Auction Catalogue
Five: Lieutenant-Colonel E. Crawshay-Williams, Royal Horse Artillery and Royal Field Artillery, who served as Liberal Member of Parliament for Leicester from 1910-13 and as Parliamentary Private Secretary to David Lloyd George
British War and Victory Medals (Major E. Crawshay-Williams.); Territorial Force War Medal 1914-19 (Major E. Crawshay-Williams. R.A.); Delhi Durbar 1903, silver, unnamed as issued, Lacking integral top riband buckle; Coronation 1911, unnamed as issued, mounted as worn, minor contact marks to Delhi Durbar and Coronation medals, otherwise good very fine and better (5) £400-£500
Eliot Crawshay-Williams was born on 4 September 1879, the elder son of barrister and politician Arthur John Williams of Coed-y-Mwstwr, Glamorgan. Educated at Eton and Trinity College, Oxford, he served under Winston Churchill at the Colonial Office from 1906-08 and was successfully elected as a Member of Parliament in the January 1910 General Election. Appointed Parliamentary Private Secretary to Lloyd George who was at that time Chancellor of the Exchequer, he likely assisted with the National Insurance Act of 1911 and other measures which led to the establishment of the modern welfare state.
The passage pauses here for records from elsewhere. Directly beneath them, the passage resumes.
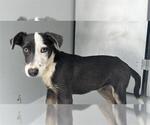 Small Labrador Retriever Mix
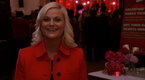 Parks and Recreation: Operation Ann (season 4, episode 14)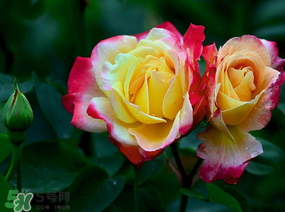 月季花5月扦插當(dāng)年會(huì)開花嗎？月季花的花期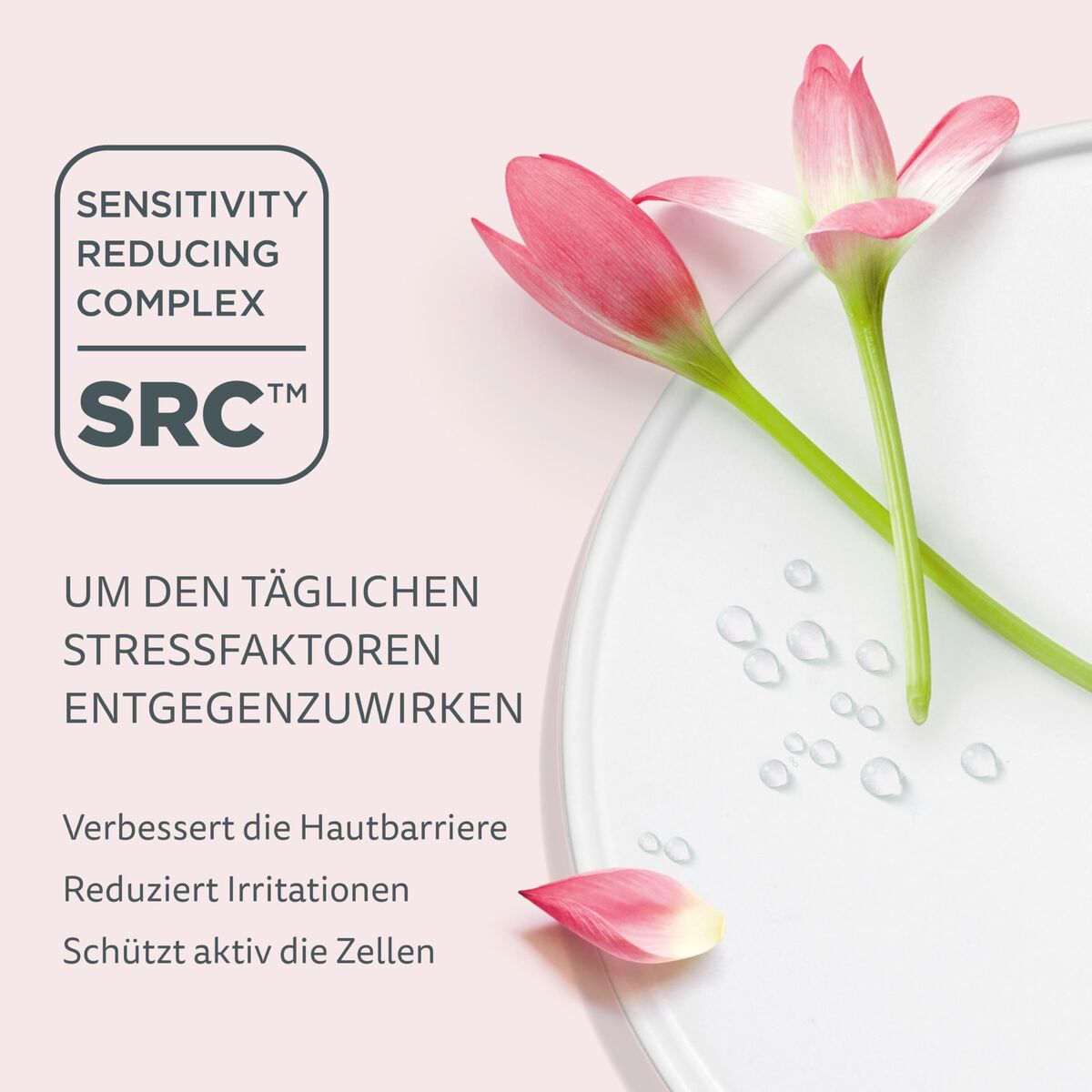 Gezichtsserum Declaré 769 50 ml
With his superior embroiled in the Marconi scandal of 1913, Crawshay-Williams himself saw his name flashed across the contemporary press after being exposed in a divorce case brought by fellow Liberal Hubert Carr-Gomm, M.P. for Rotherhithe; according to the recipient’s autobiography, the publicity spelt ‘the death blow of my career’ and he was forced to resign from politics in 1913.
Appointed Temporary Major in the 1/1st Leicestershire Royal Horse Artillery in 1914, Crawshay-Williams saw active service in France with the 110th Battery, Royal Field Artillery, from 26 February 1916. Initially posted overseas as Captain, he was advanced Major and was later appointed Lieutenant Colonel in 1919. A short while later he made an application for his Great War medals whilst serving at Northern Command, York. Returned to civilian life, Crawshay-Williams spent the inter-war years attempting to forge a living as an author of fiction and political texts; he wrote numerous novels, short stories, pieces of poetry, plays and film scripts, his work including the screenplay Service for Ladies (1932), the play Fascination (1931) and the Night in the Hotel (1931). As a staunch believer in appeasement, he later wrote to his former boss, now Prime Minister, Winston Churchill, pleading that the latter should use our ‘nuisance value while we have one to get the best peace terms possible...’
Churchill’s reply was bitingly brief: “I am ashamed of you for writing such a letter. I return it to you - to burn and forget.”
Crawshay-Williams later served from 1941-43 as a Civil Defence Officer at Treforest Trading Estate in Pontypridd, South Wales. He retired to Deal in Kent and died in 1962.